It is now widely recognized that the Achilles' heel of secure applications, such as 3DES and AES ciphering algorithms, is their physical implementation. Among all the potential techniques to retrieve the secret key, side channel attacks are worth mentioning. Although there are a lot of different types of side channel attacks, the DPA attack is considered to be one of the most efficient and most dangerous since it requires few skills and little equipment to be succeed. Thus at the logical level, all attacks that are possible on ASICs, like side channel attacks and fault attacks, are reproducible in FPGAs. Secret leakage can even be amplified, which makes the attack easier. At first sight, FPGAs appear to be less robust than ASICs. This could have different causes:

- The FPGA structure has heavy loaded wires made up of long lines or lines segmented by pass transistors. As power consumption is proportional to the capacitance load, this makes measuring power consumption more easy.

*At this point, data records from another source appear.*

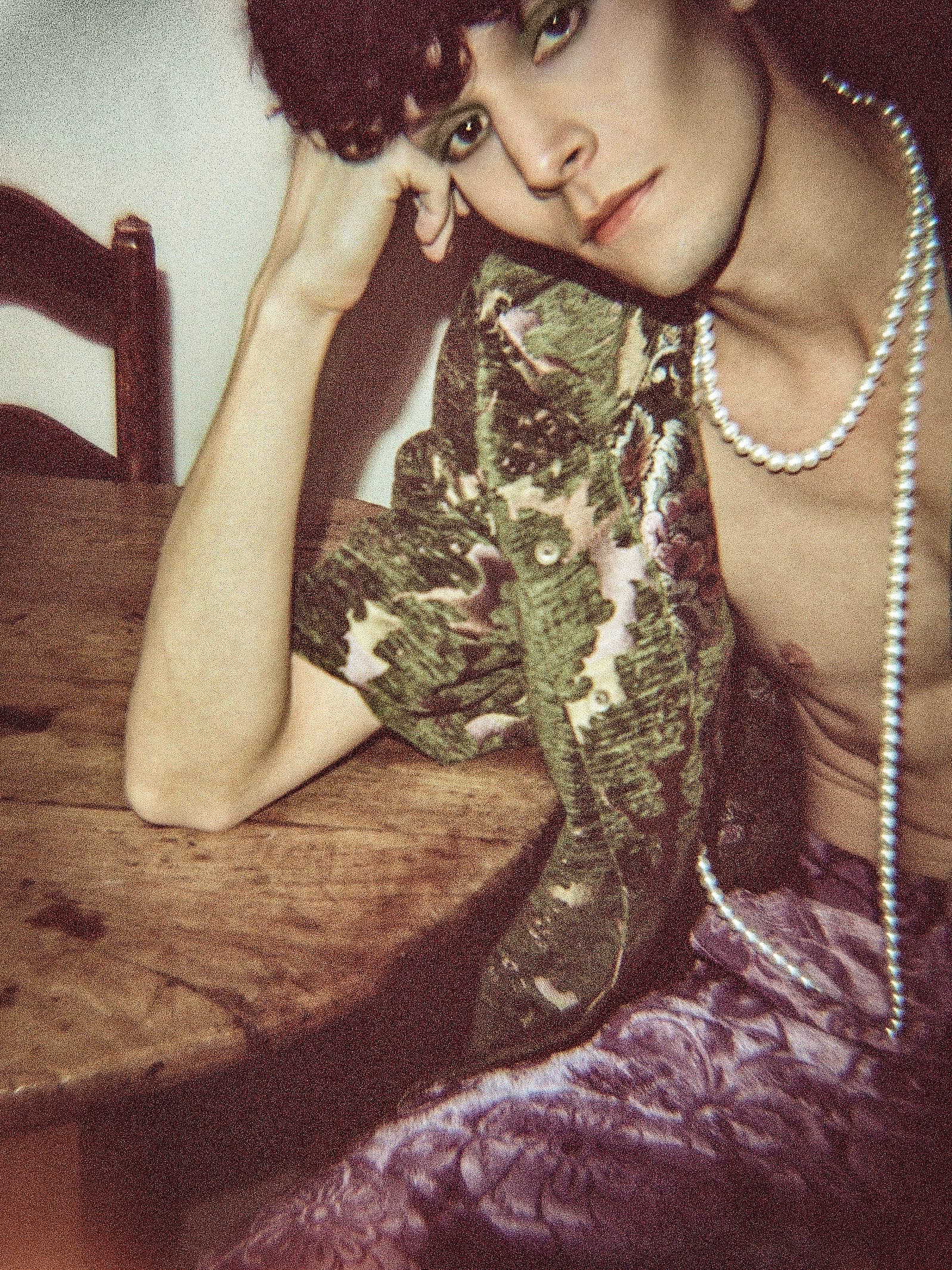 Soft-focus portrait leaning on a wooden table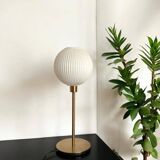 Table lamp with a lampshade from an old vintage pendant light in ribbed white glass and a pi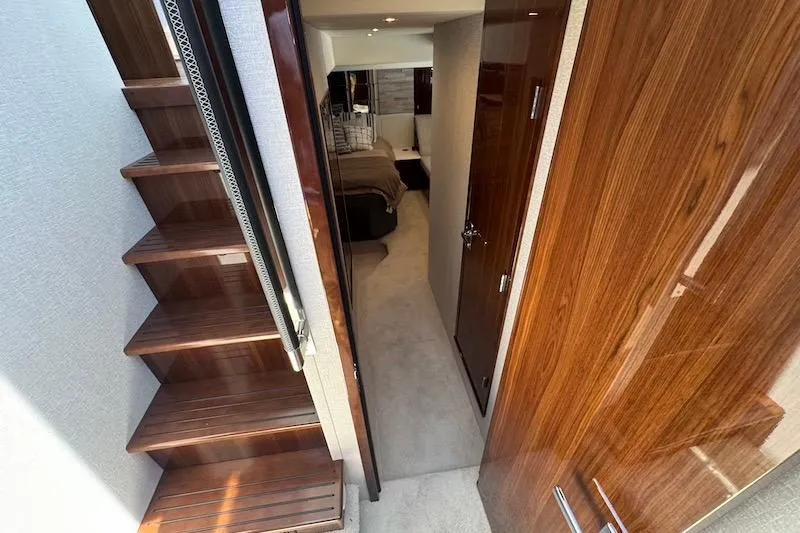 Slide: The Image of Interior view of 2023 Cruisers Yachts 50 Cantius, featuring elegant wood finishes and cozy cabin. - 46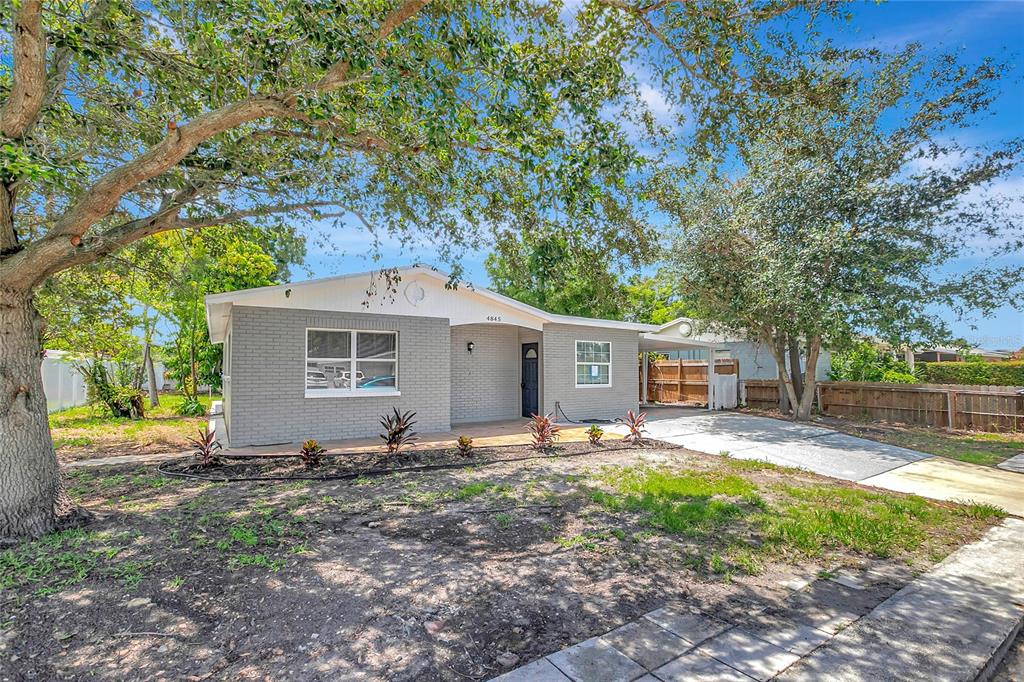 A single-story gray brick house with a front porch and a concrete driveway — 4845 SAN PABLO PLACE, TAMPA, FL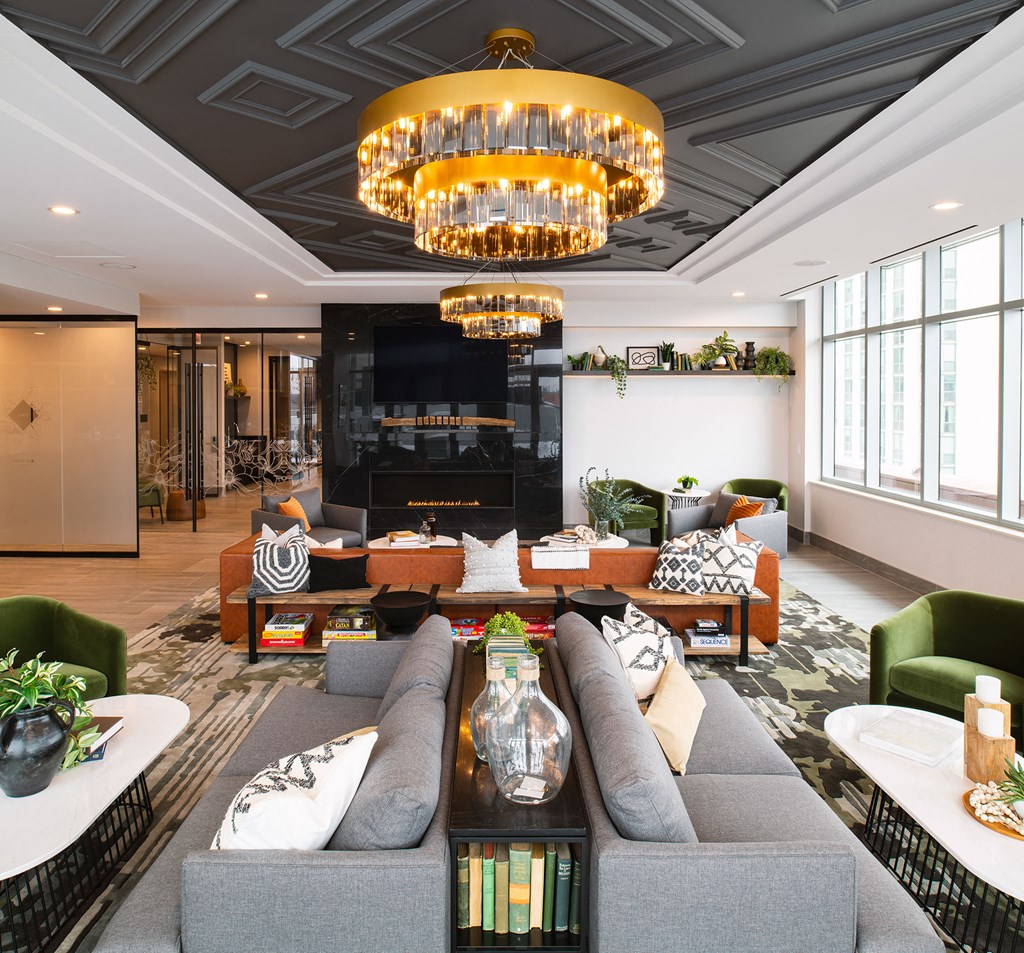 a living room with couches and chairs and a large fireplace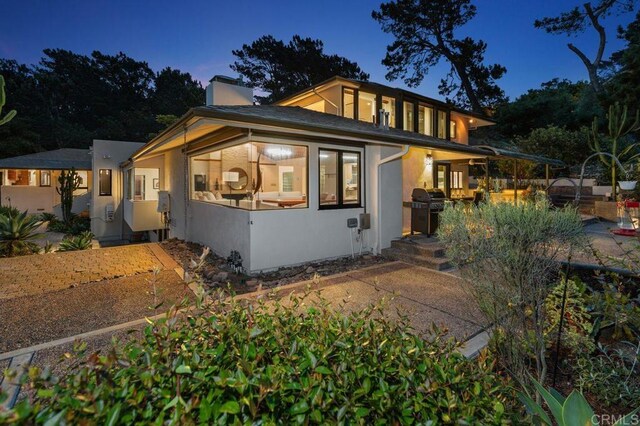 1859 Zapo St, Del Mar, CA 92014 - view of front of house featuring stucco siding and a chimney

- The designers often take advantage of pipelining in FPGAs, as the DFF (D Flip Flop) is "free" in every cell. The DFF is not only used as a power contributor to power consumption in CMOS ASICs but as predictor (for correlation attacks) of relevant key dependent consumption for the attack strategies. The FPGAs have very rapid (for performances and fighting metastability) and high power consuming DFFs at their disposal but they also drive logic that could be predictable.
- The use of pass transistors generates a power consumption expression that varies partly in  $Vdd^3$  and not only in  $Vdd^2$ , and as the CMOS gates are just under the conduction threshold, this helps make measuring the power consumption easier in FPGAs.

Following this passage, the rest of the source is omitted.